Data-dependent Bounds with $T$-Optimal Best-of-Both-Worlds Guarantees in Multi-Armed Bandits using Stability-Penalty Matching
This work addresses the need for more adaptive algorithms in online learning, offering incremental improvements in regret bounds for multi-armed bandits.
The paper tackled the problem of achieving adaptive regret bounds in multi-armed bandits by proposing real-time stability-penalty matching (SPM), which simultaneously provides data-dependent, best-of-both-worlds guarantees with worst-case bounds of O(√T) in adversarial regimes and O(ln T) in stochastic regimes.

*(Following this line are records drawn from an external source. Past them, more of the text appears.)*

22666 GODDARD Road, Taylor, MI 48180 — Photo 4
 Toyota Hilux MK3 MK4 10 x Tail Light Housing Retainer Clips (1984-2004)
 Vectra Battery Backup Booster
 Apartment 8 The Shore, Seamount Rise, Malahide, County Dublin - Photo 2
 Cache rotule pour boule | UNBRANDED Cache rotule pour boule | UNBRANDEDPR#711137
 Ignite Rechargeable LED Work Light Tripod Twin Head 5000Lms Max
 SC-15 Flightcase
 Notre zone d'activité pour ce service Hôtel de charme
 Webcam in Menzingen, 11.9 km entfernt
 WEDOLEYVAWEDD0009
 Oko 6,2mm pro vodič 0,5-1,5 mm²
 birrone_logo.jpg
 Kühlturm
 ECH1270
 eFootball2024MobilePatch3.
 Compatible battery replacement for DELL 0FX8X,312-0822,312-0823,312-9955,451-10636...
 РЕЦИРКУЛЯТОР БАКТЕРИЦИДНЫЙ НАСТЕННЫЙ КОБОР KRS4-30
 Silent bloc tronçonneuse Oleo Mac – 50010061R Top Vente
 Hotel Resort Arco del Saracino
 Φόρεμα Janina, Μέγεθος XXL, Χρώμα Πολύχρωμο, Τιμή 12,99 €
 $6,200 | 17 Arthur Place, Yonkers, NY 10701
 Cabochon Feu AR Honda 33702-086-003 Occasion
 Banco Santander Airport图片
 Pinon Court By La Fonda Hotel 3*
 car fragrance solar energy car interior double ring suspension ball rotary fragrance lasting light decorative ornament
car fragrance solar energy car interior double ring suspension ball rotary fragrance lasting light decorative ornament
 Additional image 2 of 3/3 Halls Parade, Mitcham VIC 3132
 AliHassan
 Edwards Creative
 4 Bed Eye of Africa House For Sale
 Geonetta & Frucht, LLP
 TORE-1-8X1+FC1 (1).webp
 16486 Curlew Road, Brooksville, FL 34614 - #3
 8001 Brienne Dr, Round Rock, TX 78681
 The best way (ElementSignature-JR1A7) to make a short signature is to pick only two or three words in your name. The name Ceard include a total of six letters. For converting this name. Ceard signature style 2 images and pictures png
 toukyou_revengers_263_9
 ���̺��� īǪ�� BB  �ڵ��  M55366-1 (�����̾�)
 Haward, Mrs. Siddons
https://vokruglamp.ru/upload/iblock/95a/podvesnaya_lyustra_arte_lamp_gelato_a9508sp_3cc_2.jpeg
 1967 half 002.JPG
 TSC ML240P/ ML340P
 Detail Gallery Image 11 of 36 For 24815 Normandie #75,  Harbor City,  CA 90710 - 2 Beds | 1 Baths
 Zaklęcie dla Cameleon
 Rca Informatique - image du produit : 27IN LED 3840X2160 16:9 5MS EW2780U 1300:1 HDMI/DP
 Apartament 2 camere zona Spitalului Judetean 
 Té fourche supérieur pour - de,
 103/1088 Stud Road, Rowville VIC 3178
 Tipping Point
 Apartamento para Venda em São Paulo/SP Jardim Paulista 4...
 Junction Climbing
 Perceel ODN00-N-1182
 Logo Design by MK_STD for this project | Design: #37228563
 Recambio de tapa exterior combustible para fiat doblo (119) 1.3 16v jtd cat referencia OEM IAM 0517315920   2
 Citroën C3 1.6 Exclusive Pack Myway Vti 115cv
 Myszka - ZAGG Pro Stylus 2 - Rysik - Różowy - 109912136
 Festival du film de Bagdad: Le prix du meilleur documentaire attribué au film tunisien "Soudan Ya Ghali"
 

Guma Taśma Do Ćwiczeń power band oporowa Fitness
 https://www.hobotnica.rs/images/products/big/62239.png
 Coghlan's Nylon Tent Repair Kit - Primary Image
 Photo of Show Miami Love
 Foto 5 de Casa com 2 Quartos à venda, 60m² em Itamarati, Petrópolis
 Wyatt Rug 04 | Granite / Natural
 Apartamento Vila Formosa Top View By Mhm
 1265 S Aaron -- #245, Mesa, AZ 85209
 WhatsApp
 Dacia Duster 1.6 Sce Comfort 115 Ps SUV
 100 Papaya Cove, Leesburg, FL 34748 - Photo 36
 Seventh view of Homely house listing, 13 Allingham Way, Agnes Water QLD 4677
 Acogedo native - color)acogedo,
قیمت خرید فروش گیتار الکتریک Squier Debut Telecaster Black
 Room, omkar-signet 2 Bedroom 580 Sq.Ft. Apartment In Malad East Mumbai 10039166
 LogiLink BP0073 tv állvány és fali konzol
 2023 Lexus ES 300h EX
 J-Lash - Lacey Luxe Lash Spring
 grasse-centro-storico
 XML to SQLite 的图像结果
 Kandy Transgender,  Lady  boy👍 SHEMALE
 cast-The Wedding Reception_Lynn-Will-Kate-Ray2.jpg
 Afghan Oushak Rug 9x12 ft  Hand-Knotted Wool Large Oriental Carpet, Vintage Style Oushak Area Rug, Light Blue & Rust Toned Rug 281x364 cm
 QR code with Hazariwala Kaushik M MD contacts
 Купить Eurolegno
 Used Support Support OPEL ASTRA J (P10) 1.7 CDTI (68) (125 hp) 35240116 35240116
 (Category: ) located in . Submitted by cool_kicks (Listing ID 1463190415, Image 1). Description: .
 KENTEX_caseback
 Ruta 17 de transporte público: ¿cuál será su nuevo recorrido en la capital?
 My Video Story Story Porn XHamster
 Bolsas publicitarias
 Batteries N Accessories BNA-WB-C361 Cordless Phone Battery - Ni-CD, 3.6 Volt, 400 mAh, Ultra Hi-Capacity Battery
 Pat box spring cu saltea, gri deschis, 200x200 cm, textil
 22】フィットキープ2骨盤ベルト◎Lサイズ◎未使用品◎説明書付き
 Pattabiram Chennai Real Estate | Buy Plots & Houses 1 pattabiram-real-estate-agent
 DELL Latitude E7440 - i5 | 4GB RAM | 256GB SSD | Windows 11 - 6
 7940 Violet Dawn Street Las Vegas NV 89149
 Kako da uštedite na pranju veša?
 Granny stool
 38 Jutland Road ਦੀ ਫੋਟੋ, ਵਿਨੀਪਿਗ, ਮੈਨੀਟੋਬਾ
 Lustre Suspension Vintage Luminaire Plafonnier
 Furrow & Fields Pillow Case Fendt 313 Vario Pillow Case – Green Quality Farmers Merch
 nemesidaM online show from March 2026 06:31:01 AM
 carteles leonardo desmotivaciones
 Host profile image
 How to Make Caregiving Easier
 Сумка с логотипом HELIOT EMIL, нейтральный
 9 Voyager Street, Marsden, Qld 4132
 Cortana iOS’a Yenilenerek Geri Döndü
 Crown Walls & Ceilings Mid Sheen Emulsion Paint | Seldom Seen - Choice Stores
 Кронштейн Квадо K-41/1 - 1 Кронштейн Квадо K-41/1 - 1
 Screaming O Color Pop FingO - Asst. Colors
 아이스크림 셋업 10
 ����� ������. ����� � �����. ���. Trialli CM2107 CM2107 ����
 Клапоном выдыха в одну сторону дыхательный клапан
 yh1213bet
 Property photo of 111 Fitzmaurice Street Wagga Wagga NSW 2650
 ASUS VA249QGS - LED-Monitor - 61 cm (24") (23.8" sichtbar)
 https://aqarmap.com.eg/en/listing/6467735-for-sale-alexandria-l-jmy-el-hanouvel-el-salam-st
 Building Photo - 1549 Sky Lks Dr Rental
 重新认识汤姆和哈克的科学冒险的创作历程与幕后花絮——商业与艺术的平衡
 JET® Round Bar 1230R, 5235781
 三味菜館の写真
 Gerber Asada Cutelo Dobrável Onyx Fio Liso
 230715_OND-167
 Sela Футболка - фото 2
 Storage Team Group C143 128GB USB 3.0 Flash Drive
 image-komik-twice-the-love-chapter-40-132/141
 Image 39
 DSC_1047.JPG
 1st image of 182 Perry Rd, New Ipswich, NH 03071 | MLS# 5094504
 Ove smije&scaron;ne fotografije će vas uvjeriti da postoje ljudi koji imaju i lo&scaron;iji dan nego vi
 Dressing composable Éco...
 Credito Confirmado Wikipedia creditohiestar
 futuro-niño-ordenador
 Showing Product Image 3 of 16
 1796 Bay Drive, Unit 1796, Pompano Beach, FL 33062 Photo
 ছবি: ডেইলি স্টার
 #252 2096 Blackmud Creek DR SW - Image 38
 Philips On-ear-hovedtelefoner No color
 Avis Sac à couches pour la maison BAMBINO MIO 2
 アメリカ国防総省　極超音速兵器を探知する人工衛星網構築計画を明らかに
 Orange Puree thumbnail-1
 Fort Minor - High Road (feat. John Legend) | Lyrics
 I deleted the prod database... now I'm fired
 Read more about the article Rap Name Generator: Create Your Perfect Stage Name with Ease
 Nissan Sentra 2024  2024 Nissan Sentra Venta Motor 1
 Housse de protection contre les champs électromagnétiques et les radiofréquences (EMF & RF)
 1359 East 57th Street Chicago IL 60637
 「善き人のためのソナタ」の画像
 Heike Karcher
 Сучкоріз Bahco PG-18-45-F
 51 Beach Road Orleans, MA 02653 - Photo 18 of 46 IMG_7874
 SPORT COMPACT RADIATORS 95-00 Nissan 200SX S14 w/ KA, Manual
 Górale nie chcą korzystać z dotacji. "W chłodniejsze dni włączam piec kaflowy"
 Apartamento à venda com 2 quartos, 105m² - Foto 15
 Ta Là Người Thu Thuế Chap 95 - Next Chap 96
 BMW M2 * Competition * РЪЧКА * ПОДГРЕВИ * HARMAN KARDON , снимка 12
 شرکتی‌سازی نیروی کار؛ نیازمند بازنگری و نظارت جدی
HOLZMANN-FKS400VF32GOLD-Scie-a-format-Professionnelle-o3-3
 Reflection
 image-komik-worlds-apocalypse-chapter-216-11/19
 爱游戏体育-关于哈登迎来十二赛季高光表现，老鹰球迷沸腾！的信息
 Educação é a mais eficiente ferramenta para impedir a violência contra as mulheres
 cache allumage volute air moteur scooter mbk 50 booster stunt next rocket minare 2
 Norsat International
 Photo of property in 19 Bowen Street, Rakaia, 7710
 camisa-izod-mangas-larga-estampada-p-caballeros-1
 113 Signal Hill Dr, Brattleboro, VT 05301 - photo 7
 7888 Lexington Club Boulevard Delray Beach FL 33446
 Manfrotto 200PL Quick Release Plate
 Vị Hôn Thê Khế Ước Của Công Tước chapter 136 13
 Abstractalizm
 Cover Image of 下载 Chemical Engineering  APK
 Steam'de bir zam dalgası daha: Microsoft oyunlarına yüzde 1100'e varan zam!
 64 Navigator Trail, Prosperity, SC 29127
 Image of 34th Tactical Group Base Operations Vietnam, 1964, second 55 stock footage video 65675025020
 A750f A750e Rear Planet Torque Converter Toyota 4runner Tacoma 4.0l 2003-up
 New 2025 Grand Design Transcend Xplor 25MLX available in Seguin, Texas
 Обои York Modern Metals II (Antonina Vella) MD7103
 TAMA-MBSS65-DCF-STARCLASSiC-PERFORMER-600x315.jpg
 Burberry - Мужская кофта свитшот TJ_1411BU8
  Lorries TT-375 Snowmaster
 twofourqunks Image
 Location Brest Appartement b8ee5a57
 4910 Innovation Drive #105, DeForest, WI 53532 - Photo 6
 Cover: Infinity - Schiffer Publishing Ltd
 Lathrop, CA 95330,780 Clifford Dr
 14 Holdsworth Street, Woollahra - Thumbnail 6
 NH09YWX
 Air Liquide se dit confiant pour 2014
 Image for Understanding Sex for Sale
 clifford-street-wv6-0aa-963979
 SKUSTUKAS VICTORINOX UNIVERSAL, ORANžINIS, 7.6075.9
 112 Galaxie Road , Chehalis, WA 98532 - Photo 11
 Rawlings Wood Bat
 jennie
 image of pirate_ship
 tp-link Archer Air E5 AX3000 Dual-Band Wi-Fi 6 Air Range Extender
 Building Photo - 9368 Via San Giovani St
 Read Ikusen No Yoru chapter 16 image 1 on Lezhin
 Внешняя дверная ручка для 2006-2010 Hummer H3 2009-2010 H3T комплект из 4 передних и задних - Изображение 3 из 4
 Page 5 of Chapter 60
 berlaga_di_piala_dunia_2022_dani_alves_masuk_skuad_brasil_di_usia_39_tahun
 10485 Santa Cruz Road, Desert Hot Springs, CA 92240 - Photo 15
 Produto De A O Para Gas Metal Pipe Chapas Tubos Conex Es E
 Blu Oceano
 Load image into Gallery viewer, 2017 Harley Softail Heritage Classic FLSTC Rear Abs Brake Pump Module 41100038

Existing data-dependent and best-of-both-worlds regret bounds for multi-armed bandits problems have limited adaptivity as they are either data-dependent but not best-of-both-worlds (BOBW), BOBW but not data-dependent or have sub-optimal $O(\sqrt{T\ln{T}})$ worst-case guarantee in the adversarial regime. To overcome these limitations, we propose real-time stability-penalty matching (SPM), a new method for obtaining regret bounds that are simultaneously data-dependent, best-of-both-worlds and $T$-optimal for multi-armed bandits problems. In particular, we show that real-time SPM obtains bounds with worst-case guarantees of order $O(\sqrt{T})$ in the adversarial regime and $O(\ln{T})$ in the stochastic regime while simultaneously being adaptive to data-dependent quantities such as sparsity, variations, and small losses. Our results are obtained by extending the SPM technique for tuning the learning rates in the follow-the-regularized-leader (FTRL) framework, which further indicates that the combination of SPM and FTRL is a promising approach for proving new adaptive bounds in online learning problems.